§ Source data
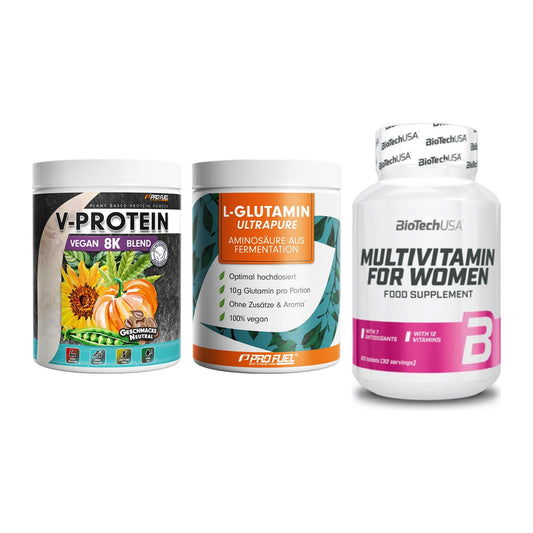 Pflanzliches Set: ProFuel V-Prote + ProFuel Glutami + BioTech Multivi – alle enthaltenen Artikel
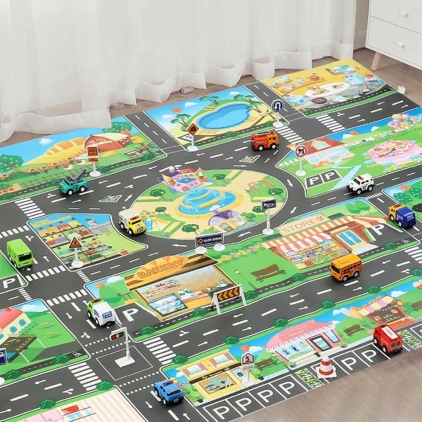 Jocuri educative pentru copii Covor copii cu traseu auto pentru masini, drumuri, 130 x 100 cm, color, circuit cu semne de circulatie incluse, impermeabil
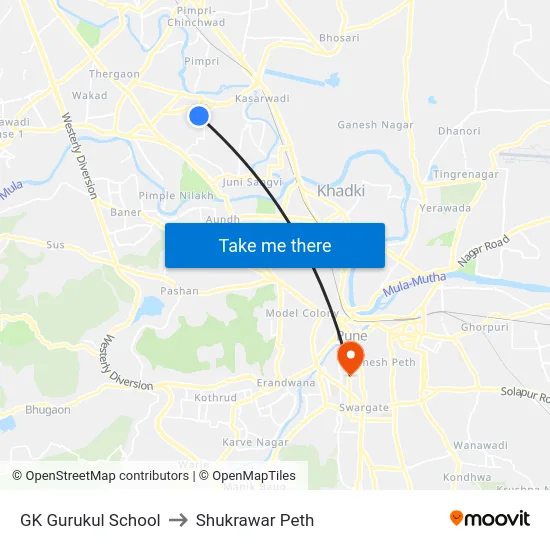 GK Gurukul School to Shukrawar Peth map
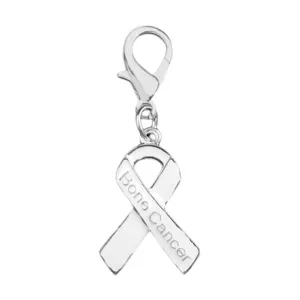 Bone Cancer White Ribbon Hanging Charms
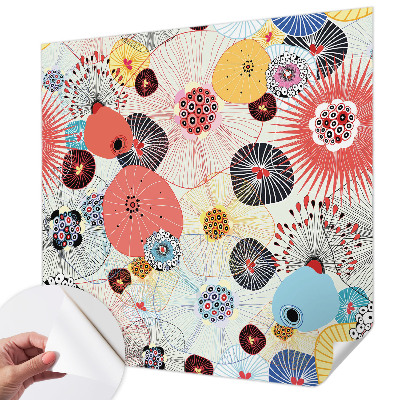Papel mural con patrón decorativo con flores coloridas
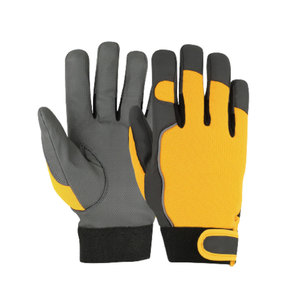 General Purpose Safety <b>Gloves</b> Yellow And Gray PU Leather Textured Fingertips Anti Slip Elastic Wristband - Product Image 1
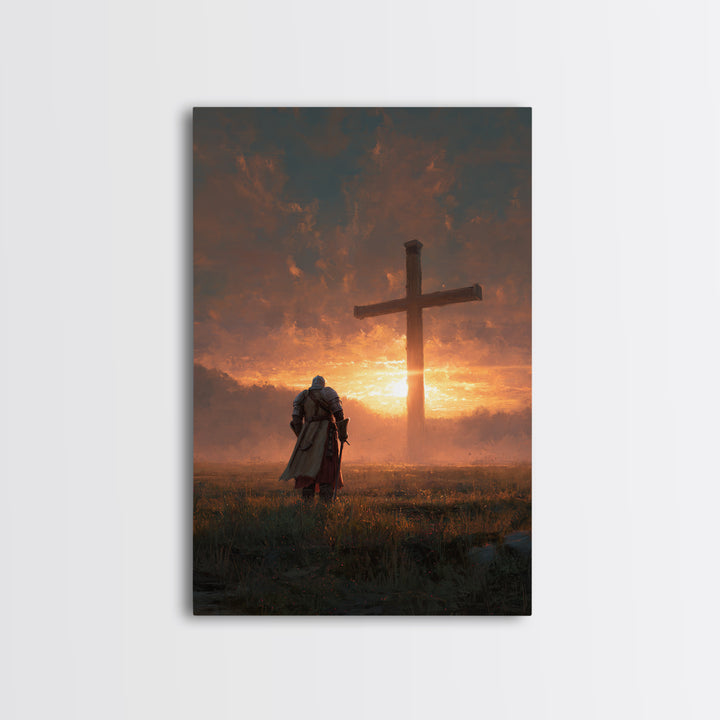 Knight Kneeling Before Large Cross At Sunset Spiritual Wall Art Framed Canvas Print Religious Artwork For Home Decor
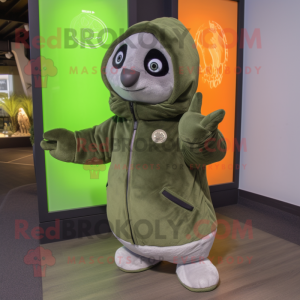 Olive Seal mascot costume character dressed with a Sweatshirt and Gloves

§ EXERCISE DIRECTIONS
In the records above, find the line with "Papel mural con" and the line with "Knight Kneeling Before", then restate word for word only those two lines and all lines between, omitting pictures.

§ RESULT OF THE EXERCISE
Papel mural con patrón decorativo con flores coloridas
 General Purpose Safety <b>Gloves</b> Yellow And Gray PU Leather Textured Fingertips Anti Slip Elastic Wristband - Product Image 1
 Knight Kneeling Before Large Cross At Sunset Spiritual Wall Art Framed Canvas Print Religious Artwork For Home Decor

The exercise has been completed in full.